TO DO: From the material below, reproduce exactly the stretch of lines that begins with the line holding "Ju Wenjun crowned" and ends with the line holding "Used 2014 Toyota", skipping the pictures.

DATA PROVIDED:
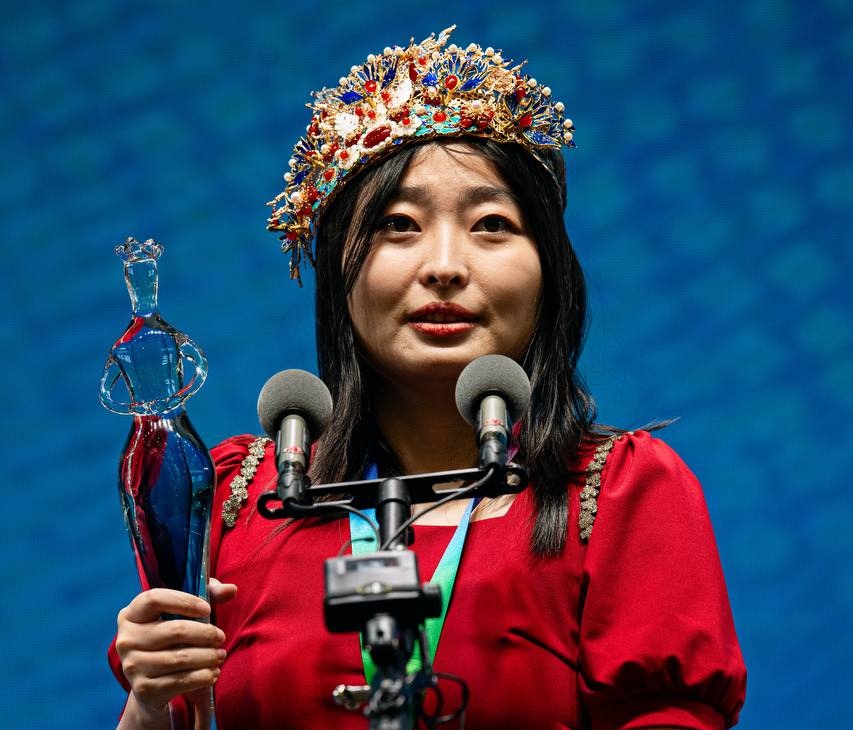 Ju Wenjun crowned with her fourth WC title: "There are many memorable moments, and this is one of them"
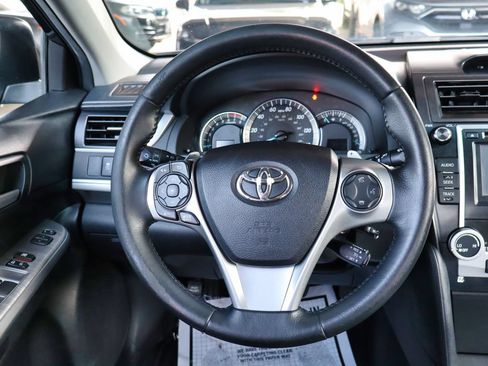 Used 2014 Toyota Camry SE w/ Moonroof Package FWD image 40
==
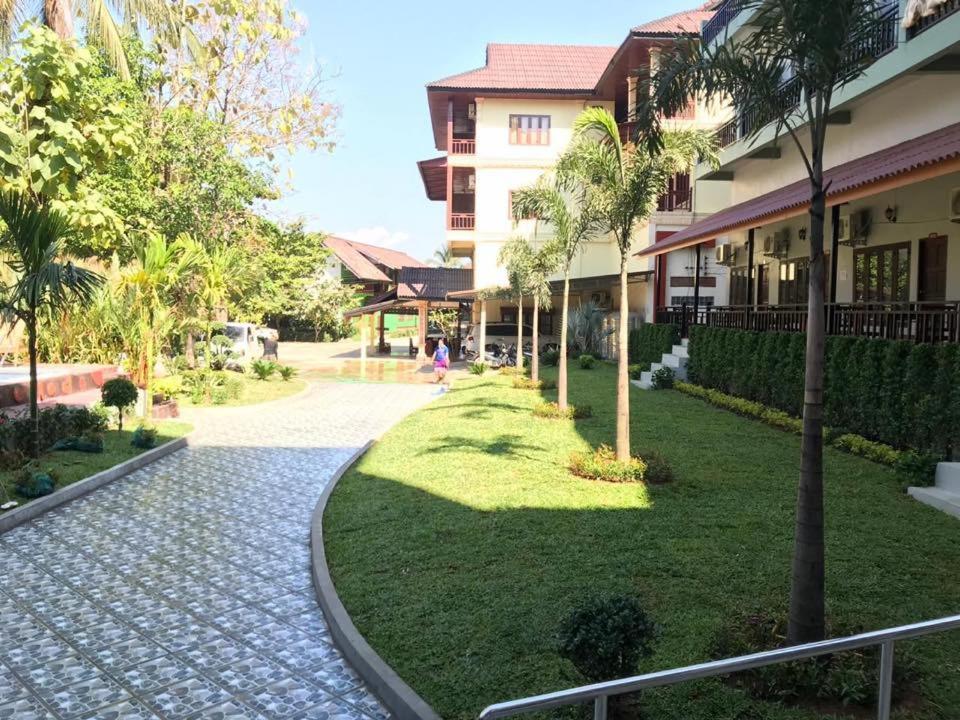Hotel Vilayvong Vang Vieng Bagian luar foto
--
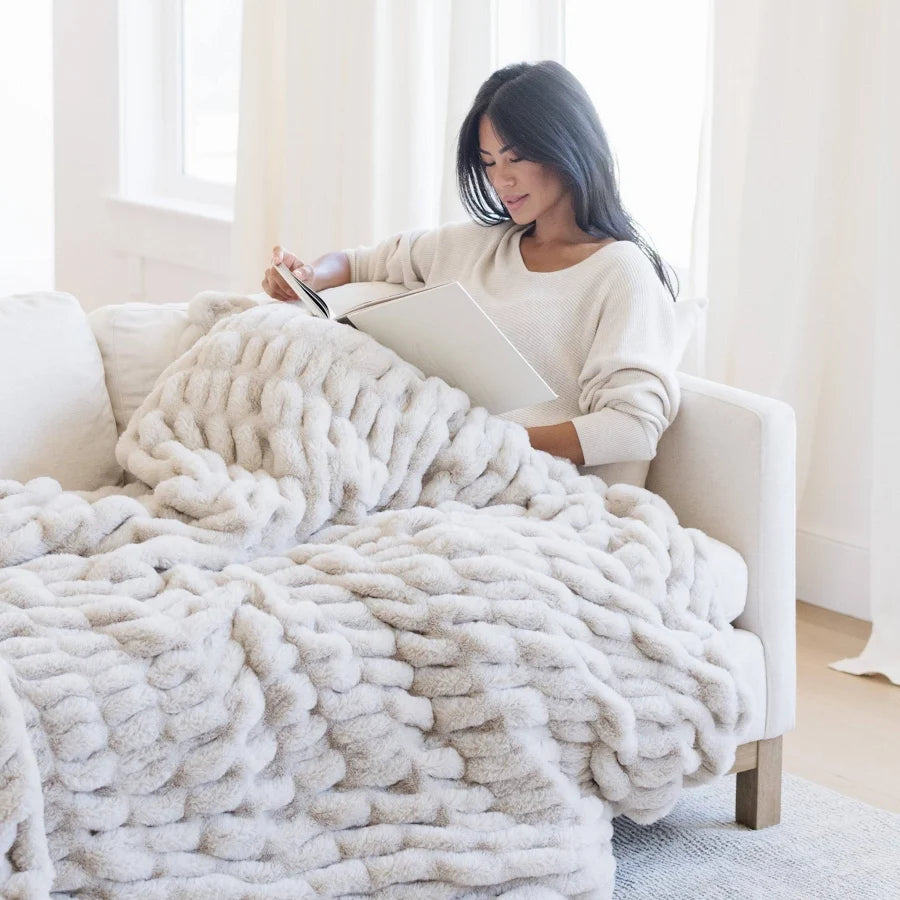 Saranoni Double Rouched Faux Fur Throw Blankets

ANSWER TO THIS EXERCISE:
 Ju Wenjun crowned with her fourth WC title: "There are many memorable moments, and this is one of them"
 Used 2014 Toyota Camry SE w/ Moonroof Package FWD image 40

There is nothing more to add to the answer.